Government jokes
Why did the people in 9/11 not call 911? Because it would call the pilots.
If Joe Biden and Kamala Harris jump off a cliff, who survives?
Americans...
If Trump was an orphan, I know he would know not to build a wall because he was in one most of his life.
What do Japanese men do when they vote?
They have an erection.
What do you call a blind and illiterate military leader?
Winston Churchill.
If you got a priest, a Rhodes scholar, and a politician in a room, what would you get?
The Royal Commission.
Alternatively, Tony Abbott.
What's the difference between a gun and a penis?
The American government does not define you as having the constitutional right to a penis.
Bro, yesterday this bird made the weirdest chirp. It sounded something like this:
"Error code 6, 4, 4, 2, sound: bird call, failed to play, government drone 0, 7, 7, 5 requires maintenance."
Anyone know what bird that is?
In America, you work on a plantation.
In Soviet Russia, the plantation works on you!

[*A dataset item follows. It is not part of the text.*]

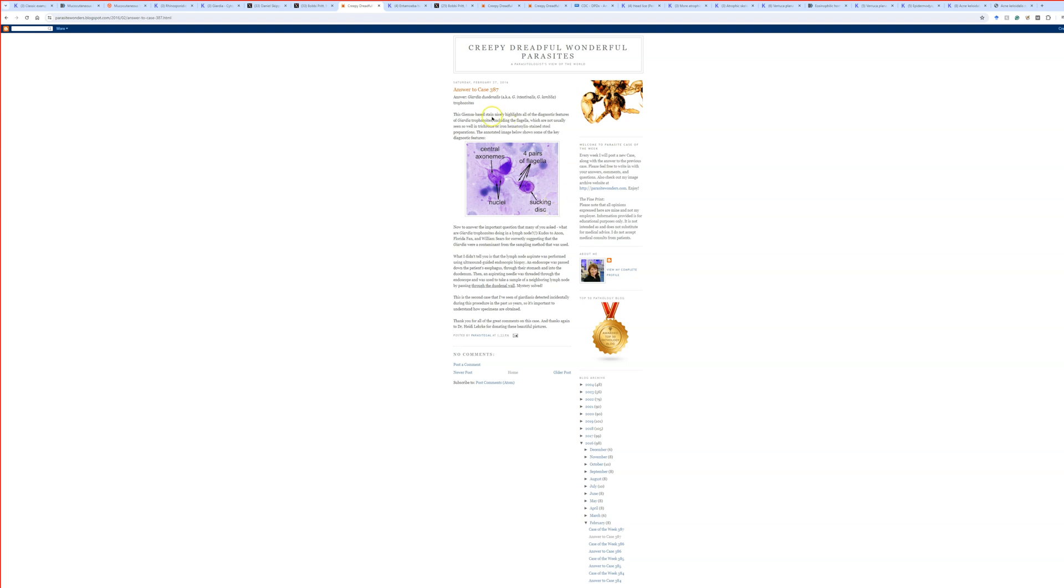All right. And then here's some more info. Again, you can check out on Creepy Dreadful Wonderful Parasites, which is Bobby Pritt's blog. She does not pay me anything. I'm just a big fan and I love to promote her content. I've learned so much from her over the years. Excellent. Any questions about Giardia?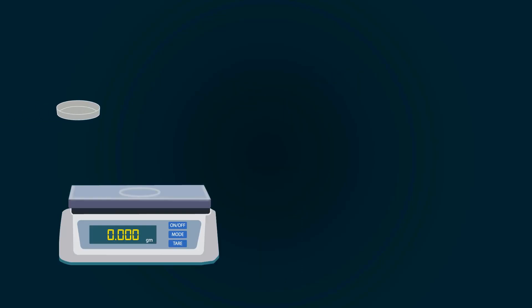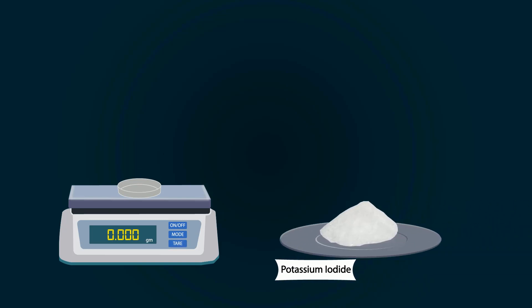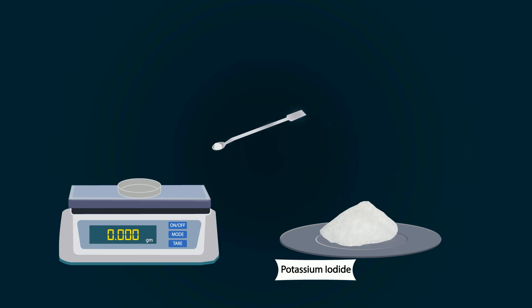Take another petri dish and put it on the weight balance. Tare the weight balance. Take potassium iodide chemical from stock bottle. Put potassium iodide into petri dish with a spatula. Weigh precisely 7 grams.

What do you call the American healthcare plan for poor people?
Death.
Where did the pirate pay his taxes?
Aye, Argh, Sea.
I would tell a Biden joke except everyone would not stop falling asleep (including him).
Who is Osama Bin Laden’s secret cousin? Barack Obama or Barack Osama Bin Laden?
What do the Nicaraguan Contras, Crips, and Crack have in common? The CIA.
What did Obama ask Trump?
The CCP should be pleased. COVID is the longest thing to have ever been made in China.
What do you call a woman in a fighter jet to the right of the president?
An escort.
Why can orphans get away from the FBI?
Because they don't have a house.
How do you find out about the accomplishments of the former president of the United States James Earl Carter?
Read the label on the jar of Skippy peanut butter.
Why are people acting like Kamala Harris is the first woman to obtain such a high-ranking position in the US government?
Have we all forgotten that Monica Lewinsky was directly under Bill Clinton?